**INPUT RECORDS:**
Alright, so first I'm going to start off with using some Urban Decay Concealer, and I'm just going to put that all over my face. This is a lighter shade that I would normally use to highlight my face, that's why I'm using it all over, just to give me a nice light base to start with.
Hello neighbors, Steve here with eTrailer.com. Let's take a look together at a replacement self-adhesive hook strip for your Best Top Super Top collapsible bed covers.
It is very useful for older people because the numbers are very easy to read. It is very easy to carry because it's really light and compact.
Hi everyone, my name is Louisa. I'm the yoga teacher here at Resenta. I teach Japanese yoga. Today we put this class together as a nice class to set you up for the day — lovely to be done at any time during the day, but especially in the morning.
...
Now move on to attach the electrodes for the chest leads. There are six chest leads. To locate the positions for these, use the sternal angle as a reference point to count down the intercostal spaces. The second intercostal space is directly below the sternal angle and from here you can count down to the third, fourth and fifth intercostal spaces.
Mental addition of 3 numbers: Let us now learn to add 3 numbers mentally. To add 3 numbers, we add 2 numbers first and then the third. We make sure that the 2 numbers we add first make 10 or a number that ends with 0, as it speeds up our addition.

**PROBLEM DETAILS:**
Of the entries listed above, reproduce only the lines starting at the line containing "Alright, so first" and ending at the line containing "Hi everyone, my". Include both, exactly as they stand.

**WORKED SOLUTION:**
Alright, so first I'm going to start off with using some Urban Decay Concealer, and I'm just going to put that all over my face. This is a lighter shade that I would normally use to highlight my face, that's why I'm using it all over, just to give me a nice light base to start with.
Hello neighbors, Steve here with eTrailer.com. Let's take a look together at a replacement self-adhesive hook strip for your Best Top Super Top collapsible bed covers.
It is very useful for older people because the numbers are very easy to read. It is very easy to carry because it's really light and compact.
Hi everyone, my name is Louisa. I'm the yoga teacher here at Resenta. I teach Japanese yoga. Today we put this class together as a nice class to set you up for the day — lovely to be done at any time during the day, but especially in the morning.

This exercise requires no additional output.